Tamms is a village in Tamms Precinct, Alexander County, Illinois, United States. The population was 430 at the 2020 census, down from 632 at the 2010 census. It is part of the Cape Girardeau-Jackson, MO-IL Metropolitan Statistical Area.

==History==
Tamms was established under the name of Idlewild in 1883.

The railroad service ended in the 1970s and therefore the economy declined.

Tamms is the location of the Tamms Correctional Center, a super-maximum correctional facility that was operated by the Illinois Department of Corrections and housed the State of Illinois execution chamber. Illinois abolished the death penalty in 2011. This prison was closed in 2013.

==Geography==
Tamms is located at (37.240207, -89.264822).

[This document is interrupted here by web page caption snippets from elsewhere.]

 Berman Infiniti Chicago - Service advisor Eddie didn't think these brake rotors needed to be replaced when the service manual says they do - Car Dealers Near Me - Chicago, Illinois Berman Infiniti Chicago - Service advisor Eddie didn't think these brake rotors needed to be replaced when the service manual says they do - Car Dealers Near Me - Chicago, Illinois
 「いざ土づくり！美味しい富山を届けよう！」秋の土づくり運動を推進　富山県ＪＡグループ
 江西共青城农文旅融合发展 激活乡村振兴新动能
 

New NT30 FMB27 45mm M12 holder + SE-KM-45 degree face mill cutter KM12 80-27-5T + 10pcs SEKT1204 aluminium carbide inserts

According to the 2021 census gazetteer files, Tamms has a total area of 2.33 sqmi, all land.

==Demographics==

Historical population
| Census | Pop. | Note | %± |
| 1910 | 400 |  | — |
| 1920 | 822 |  | 105.5% |
| 1930 | 717 |  | −12.8% |
| 1940 | 777 |  | 8.4% |
| 1950 | 665 |  | −14.4% |
| 1960 | 548 |  | −17.6% |
| 1970 | 645 |  | 17.7% |
| 1980 | 826 |  | 28.1% |
| 1990 | 748 |  | −9.4% |
| 2000 | 724 |  | −3.2% |
| 2010 | 632 |  | −12.7% |
| 2020 | 430 |  | −32.0% |
U.S. Decennial Census

===2020 census===
Note: the US Census treats Hispanic/Latino as an ethnic category. This table excludes Latinos from the racial categories and assigns them to a separate category. Hispanics/Latinos can be of any race.

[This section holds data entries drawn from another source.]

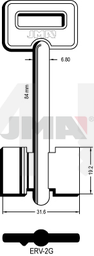 JMA ERV-2G Kasa ključ (Silca 5ERV3 / Errebi 2ER2)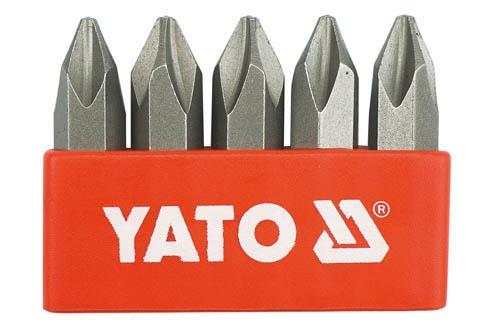 Yato YT-2810 Набор бит ударных PH2 5/16" 5шт YT2810: Купить в Украине - Отличная цена на EXIST.UA!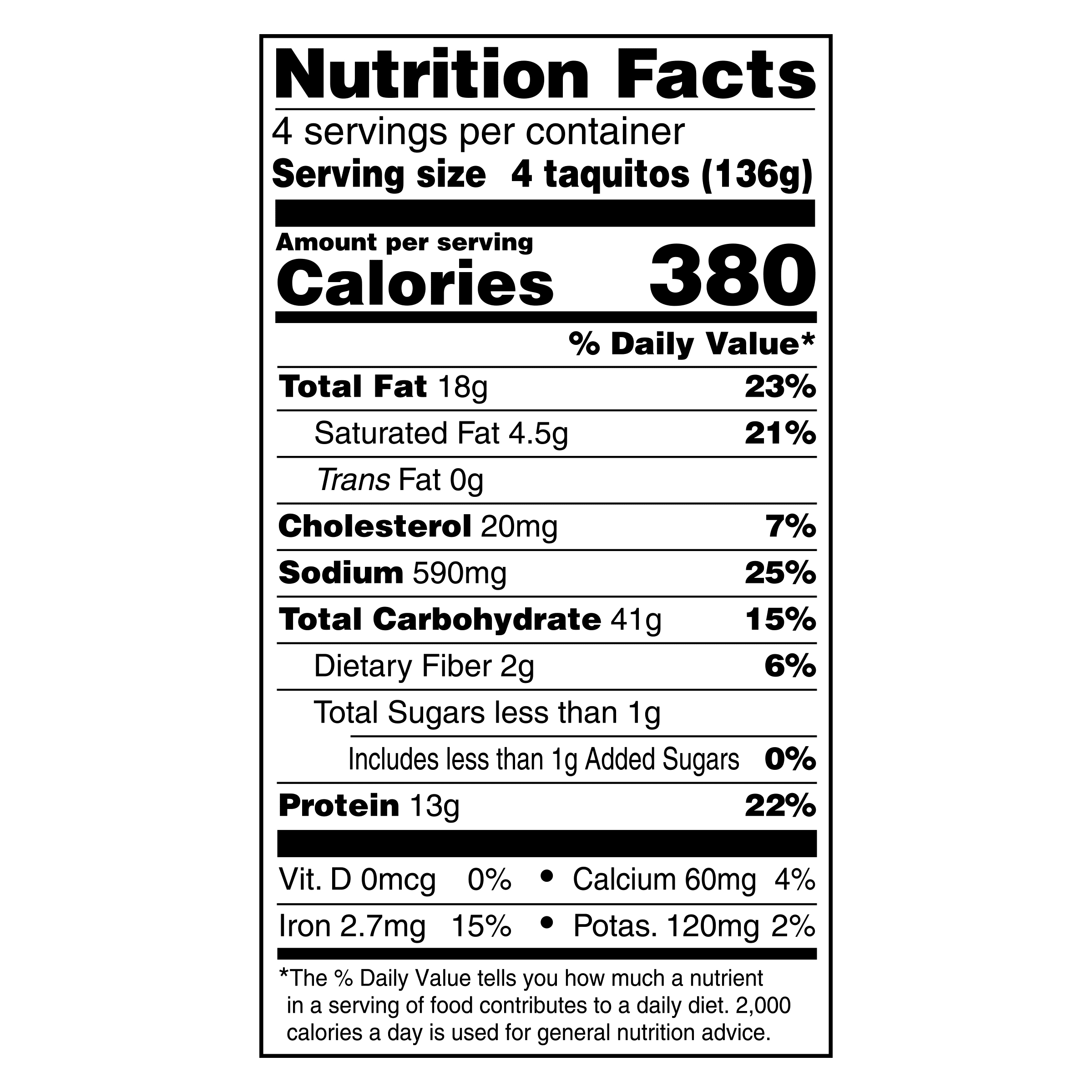 Nutrition info for this product.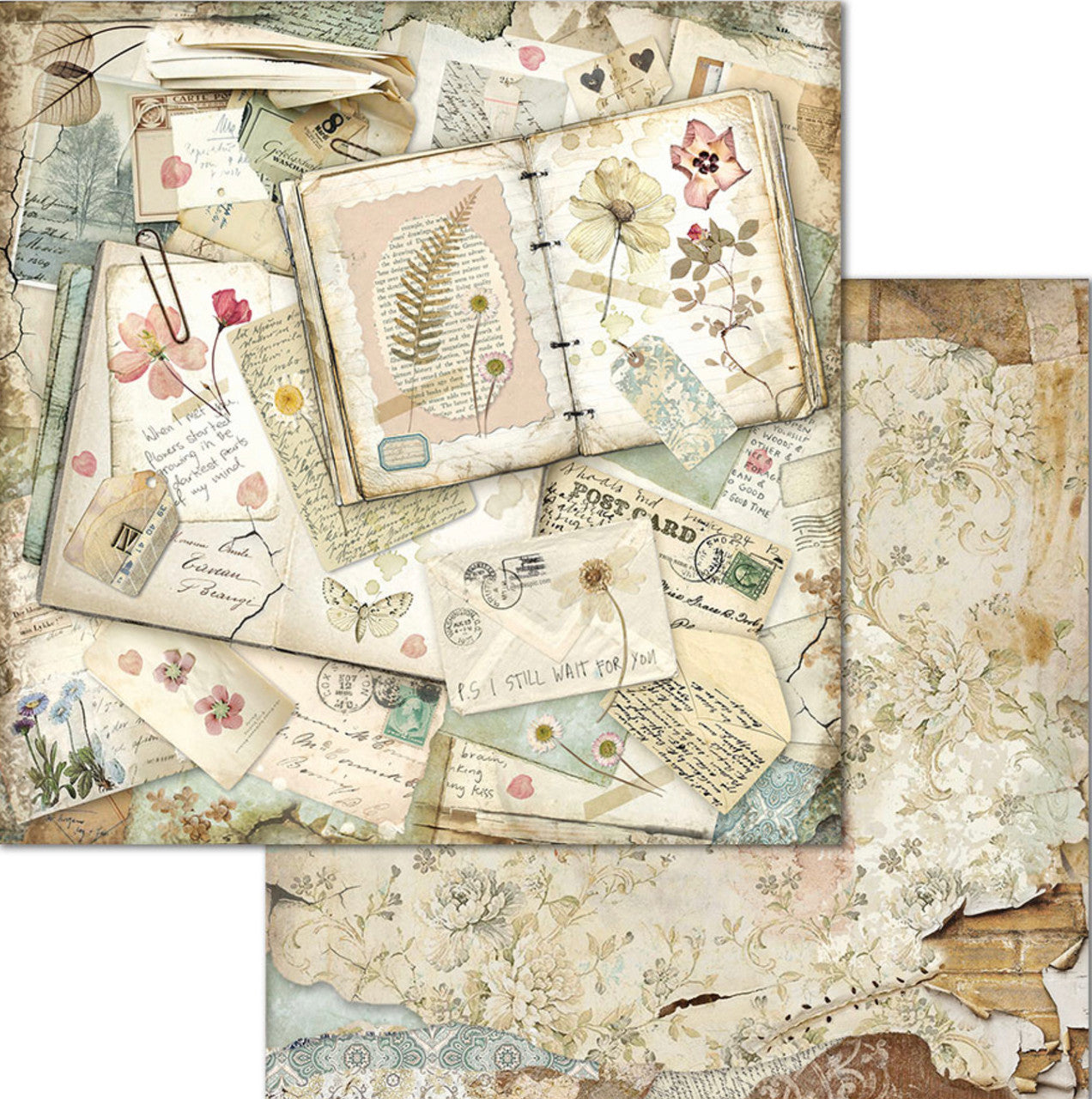 Stamperia Imagine Paper Pack 12” x 12”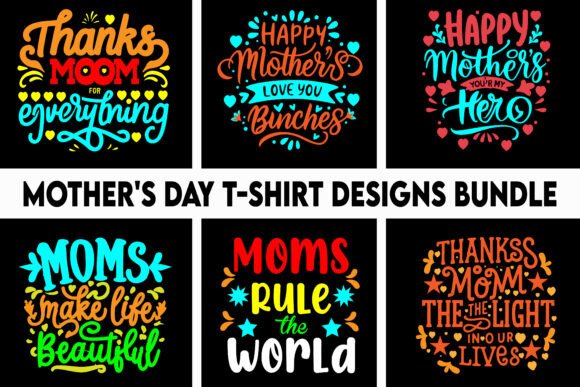 Happy Mother’s Day T-Shirt Design Bundle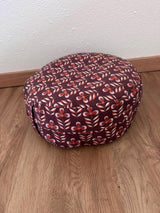 Meditationsmatte Zabuton | Bodenmatte für Meditation | Bio Baumwollvlies | Zen Sitzmatte | Handgefertigt | 67x67 cm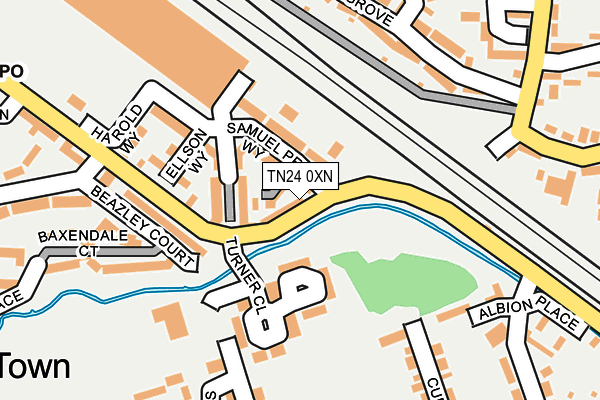 TN24 0XN map - OS OpenMap – Local (Ordnance Survey)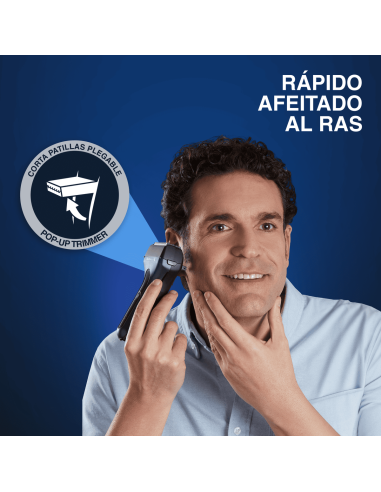 AFEITADORA RECARGABLE REMINGTON CABEZA FLEXIBLE 3 CUCHILLAS RECORTADORA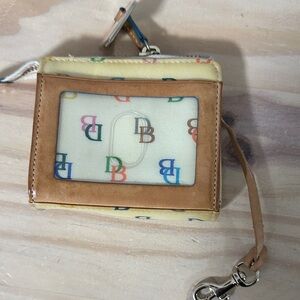 Dooney & Bourke Tan and Multicolor ID Holder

As of the 2020 census there were 430 people, 220 households, and 148 families residing in the village. The population density was 184.39 PD/sqmi. There were 238 housing units at an average density of 102.06 /sqmi. The racial makeup of the village was 67.91% White, 28.60% African American, 0.93% Native American, and 2.56% from two or more races. Hispanic or Latino of any race were 1.63% of the population.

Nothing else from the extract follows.